▶ Dataset section:
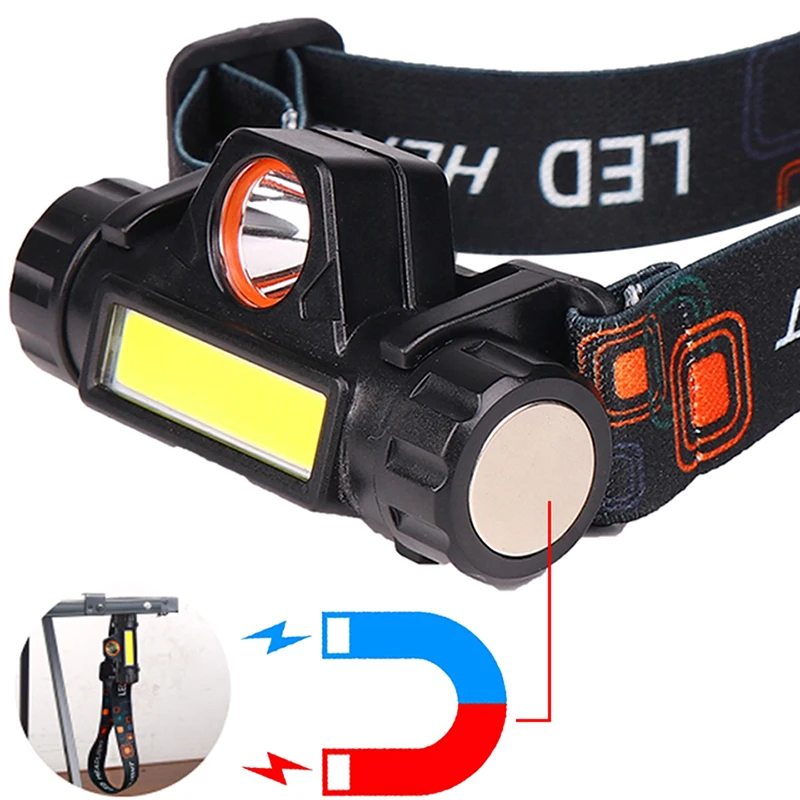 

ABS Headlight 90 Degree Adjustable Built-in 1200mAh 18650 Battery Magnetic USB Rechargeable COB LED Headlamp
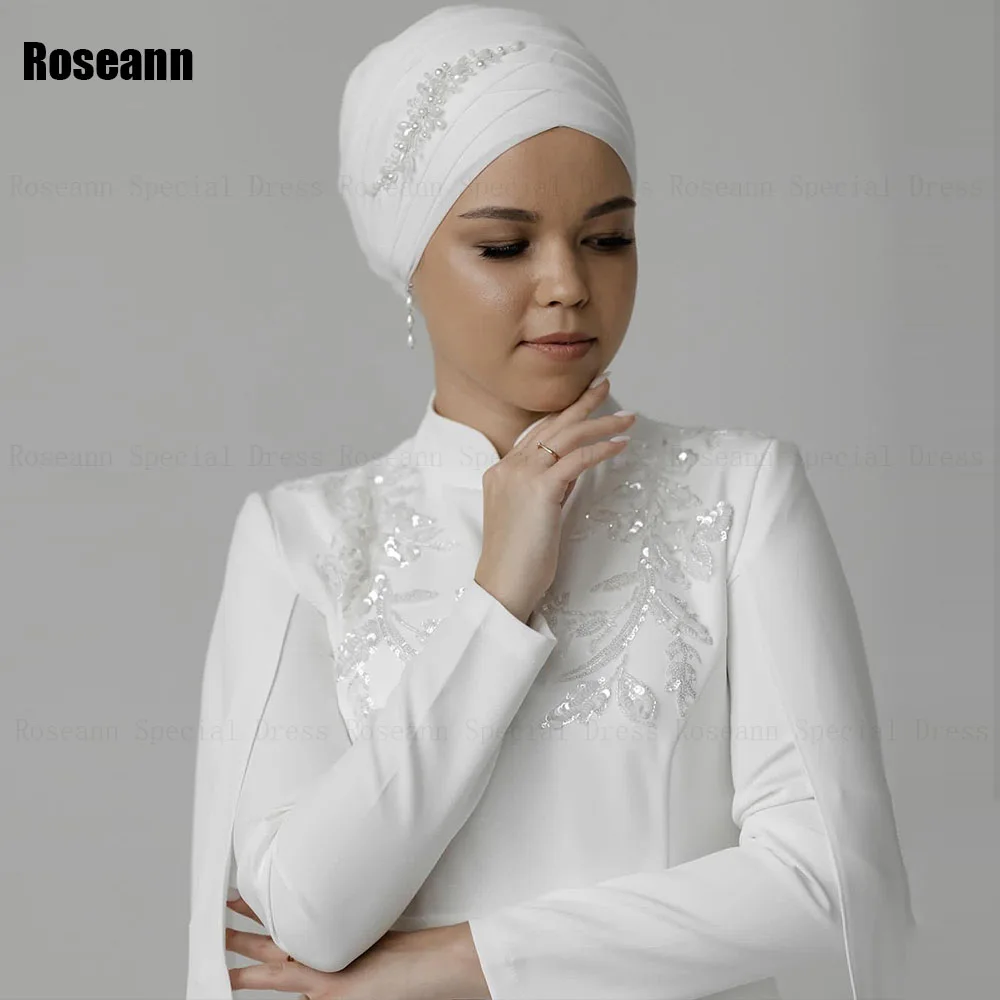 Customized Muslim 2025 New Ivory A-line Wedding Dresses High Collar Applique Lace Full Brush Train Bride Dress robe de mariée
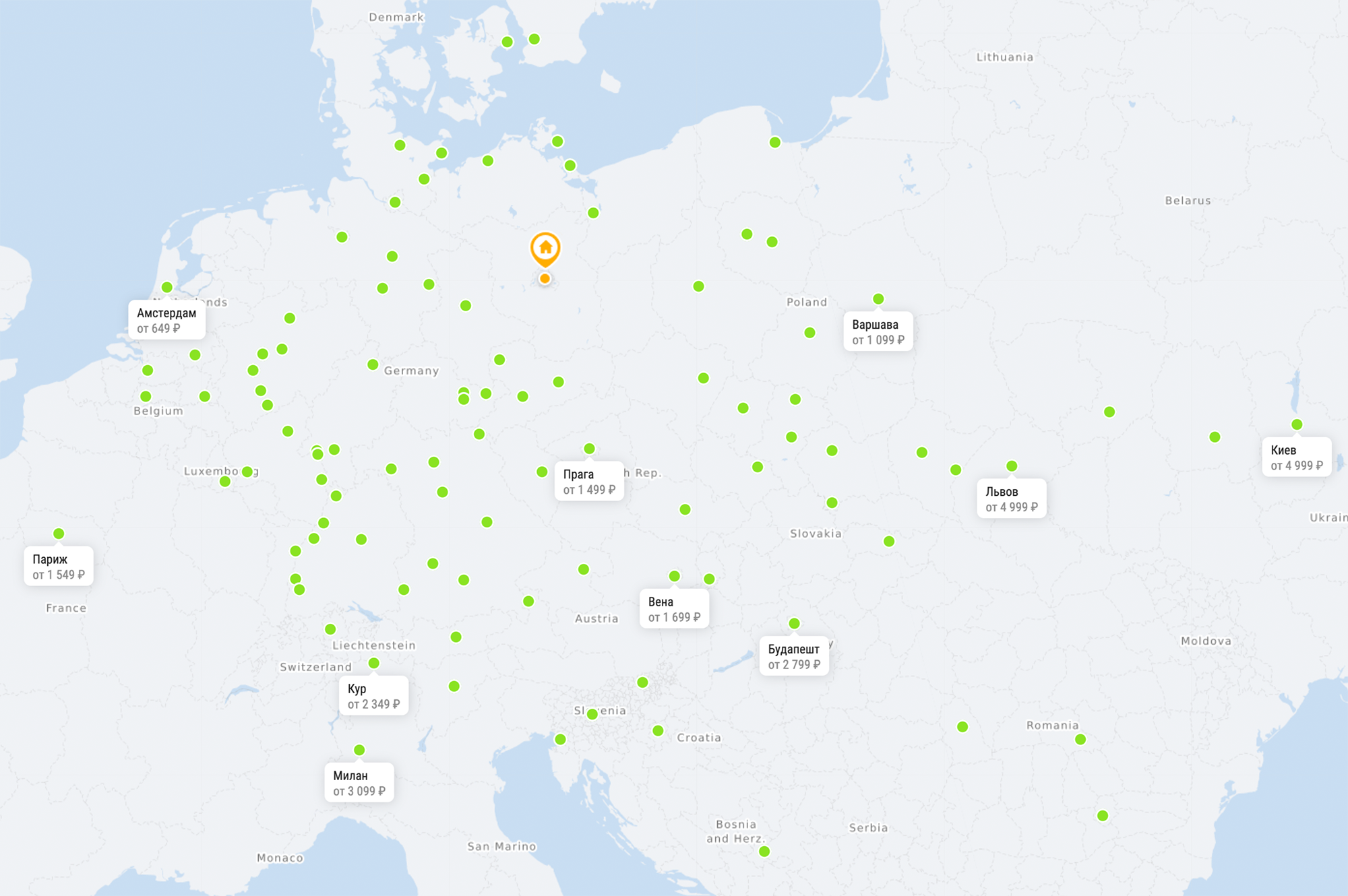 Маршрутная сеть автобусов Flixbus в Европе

▶ Problem:
Pictures stay out; the data above is to be returned exactly.

▶ Written response:
ABS Headlight 90 Degree Adjustable Built-in 1200mAh 18650 Battery Magnetic USB Rechargeable COB LED Headlamp
 Customized Muslim 2025 New Ivory A-line Wedding Dresses High Collar Applique Lace Full Brush Train Bride Dress robe de mariée
 Маршрутная сеть автобусов Flixbus в Европе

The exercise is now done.